Fiechter regularly works out in the practice room with friends he grew up with, including Jed Perry, Josh Beeks and Jacob Duncan.
How do they help each other get better?
“Just knowing that we can’t let up every single day,” says Fiechter.
“Even if you don’t feel like wrestling, those are the days you probably become a better wrestler."
“You have a practice partner who’s going to push you no matter what.”
Southern Wells head coach Ryan Landis has been working with the Class of 2020 since they were fifth graders.
“This is a special group of seniors,” says Landis. “They’ve stuck together. They push each other to get better. It’s a real fun group to coach.”
Fiechter, who has competed some with the Adams Central club and as an independent in the high school off-season, offers a scouting report on himself.
“Being around the sport quite a bit has helped my technique,” says Fiechter. “I’m definitely not as aggressive as I should be probably. I’m trying to learn a little more aggression. I’m pretty quick so that helps.”
Pondering his future, William is considering college or perhaps becoming an entrepreneur.
“I’d like to end up on the farm someday,” says Fiechter.
The hands of the Fiechters have also been kept busy farming. The family, which is led by former wrestler and 1981 Adams Central High School graduate Lynn Fiechter (a state runner-up at 112 in 1980) and wife Ronda, works around 5,000 acres — mostly corn and soybeans with some swine.
The closest town to the farm is Keystone. Southern Wells High School is near Poneto.
Summer days might find the Fiechters boating or water skiing. The Fiechters are also a musical family and have recorded CD’s of their favorite gospel songs.
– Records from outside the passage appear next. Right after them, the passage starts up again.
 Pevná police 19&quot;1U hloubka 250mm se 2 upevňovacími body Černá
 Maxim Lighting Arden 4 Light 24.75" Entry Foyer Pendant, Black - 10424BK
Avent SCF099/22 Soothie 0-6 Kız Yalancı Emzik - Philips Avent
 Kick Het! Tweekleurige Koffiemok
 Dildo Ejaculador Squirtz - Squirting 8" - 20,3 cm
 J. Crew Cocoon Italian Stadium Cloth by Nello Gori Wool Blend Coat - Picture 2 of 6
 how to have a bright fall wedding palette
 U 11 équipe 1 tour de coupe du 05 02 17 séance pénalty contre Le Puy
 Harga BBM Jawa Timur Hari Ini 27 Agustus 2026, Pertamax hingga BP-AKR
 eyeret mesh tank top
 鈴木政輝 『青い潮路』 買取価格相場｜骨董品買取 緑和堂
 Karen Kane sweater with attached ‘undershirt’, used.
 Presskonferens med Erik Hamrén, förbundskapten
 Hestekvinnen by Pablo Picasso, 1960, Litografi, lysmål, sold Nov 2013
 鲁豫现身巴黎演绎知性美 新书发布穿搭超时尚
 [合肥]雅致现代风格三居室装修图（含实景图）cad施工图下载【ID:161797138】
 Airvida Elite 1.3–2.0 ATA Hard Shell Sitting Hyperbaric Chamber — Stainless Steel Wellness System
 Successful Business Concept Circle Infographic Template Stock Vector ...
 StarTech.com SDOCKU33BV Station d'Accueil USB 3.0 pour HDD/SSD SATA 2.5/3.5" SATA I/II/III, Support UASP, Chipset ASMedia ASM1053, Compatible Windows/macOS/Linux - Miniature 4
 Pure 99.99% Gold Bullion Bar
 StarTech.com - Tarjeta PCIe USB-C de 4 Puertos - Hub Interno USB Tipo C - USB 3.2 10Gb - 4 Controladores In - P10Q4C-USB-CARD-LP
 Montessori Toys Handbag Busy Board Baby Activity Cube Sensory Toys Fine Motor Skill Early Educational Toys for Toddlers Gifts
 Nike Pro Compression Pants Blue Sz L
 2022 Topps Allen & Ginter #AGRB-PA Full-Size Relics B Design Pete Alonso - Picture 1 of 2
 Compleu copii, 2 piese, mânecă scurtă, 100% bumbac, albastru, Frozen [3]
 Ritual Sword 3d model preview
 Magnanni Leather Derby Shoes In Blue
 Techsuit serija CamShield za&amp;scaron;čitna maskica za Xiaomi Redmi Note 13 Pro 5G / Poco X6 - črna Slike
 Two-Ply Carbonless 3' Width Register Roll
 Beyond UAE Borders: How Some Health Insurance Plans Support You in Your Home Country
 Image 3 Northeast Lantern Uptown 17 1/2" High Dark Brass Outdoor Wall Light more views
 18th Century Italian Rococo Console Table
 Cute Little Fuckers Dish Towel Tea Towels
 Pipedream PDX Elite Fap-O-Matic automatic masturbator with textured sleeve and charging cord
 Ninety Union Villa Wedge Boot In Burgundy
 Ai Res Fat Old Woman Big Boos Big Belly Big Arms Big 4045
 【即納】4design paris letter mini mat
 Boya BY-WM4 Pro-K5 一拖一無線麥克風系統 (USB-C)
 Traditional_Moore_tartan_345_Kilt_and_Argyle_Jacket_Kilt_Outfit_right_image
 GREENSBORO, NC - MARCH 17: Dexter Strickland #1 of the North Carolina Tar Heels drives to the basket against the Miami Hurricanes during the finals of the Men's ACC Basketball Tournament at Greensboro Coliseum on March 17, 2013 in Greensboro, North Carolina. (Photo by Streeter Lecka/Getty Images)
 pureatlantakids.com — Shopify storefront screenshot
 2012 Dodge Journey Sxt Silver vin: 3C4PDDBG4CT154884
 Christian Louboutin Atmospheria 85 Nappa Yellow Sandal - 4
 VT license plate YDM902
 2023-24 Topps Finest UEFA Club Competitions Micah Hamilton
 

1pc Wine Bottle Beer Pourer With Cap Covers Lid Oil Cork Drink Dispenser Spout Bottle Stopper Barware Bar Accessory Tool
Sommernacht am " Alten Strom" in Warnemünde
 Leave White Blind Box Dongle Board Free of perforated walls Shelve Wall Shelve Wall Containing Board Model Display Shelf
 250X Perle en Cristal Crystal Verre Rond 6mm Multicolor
William plays the guitar and ukulele.
“Mom and dad are very good singers and passed down to some of us kids,” says Fiechter. “We were blessed with the ability that we should sing. It’s something we enjoy. It brings us closer together.”
Fiechter appreciates Landis for showing him the way both off and on the mat.
“The example he’s set has had a big impact on me,” says Fiechter. “He has this saying: Be brave when you’re scared; Be strong when you’re weak; Be humble when you’re victorious. That’s one that’s stuck with me.”
Landis, a 2000 Southern Wells graduate, was an assistant for his first three years after high school and has been Raiders head coach since 2004.
“I don’t know where that came from,” says Landis of the saying. “But it’s something we’ve adopted these last three or four years.
“It’s awesome. It’s great. It’s what wrestling is about. It’s about finding that last bit of strength in your body when you don’t think you can do it. It’s about being humble when you are victorious, knowing that if you don’t keep working hard somebody’s going to come up and kick your butt.”
Landis has coached all of the Fiechter brothers.
“The personality is all completely different,” says Landis of the Fiechters. “But the No. 1 characteristic is that they’re the hardest-working kids in the room. Growing up on the farm, they just work hard in everything they do."
“William is the most down-to-earth kid you’ll ever talk to. As much success as William has had on the mat, he’s a kid that you still have to pump confidence into him. He’s very humble. He’s very hard-working. He’s fun to be around.”
Landis sees William as a solid mat technician.
“He’s very fundamentally-sound,” says Landis. “He’s not a wild, crazy scrambler. Everything’s cautious and in position. He’s hard to score on. A couple takedowns and an escape and he’s in control of the match.”
There are several key dates on the South Wells calendar. Besides the Wabash County Championships Dec. 7 at Northfield, there’s the Allen County Athletic Conference Duals Dec. 13-14, Connersville Spartan Classic Dec. 27-28, ACAC Championships Jan. 24 at Woodlan, Jay County Sectional Feb. 1, Jay County Regional Feb. 8, Fort Wayne Semistate Feb. 15 and State Finals Feb. 21-22.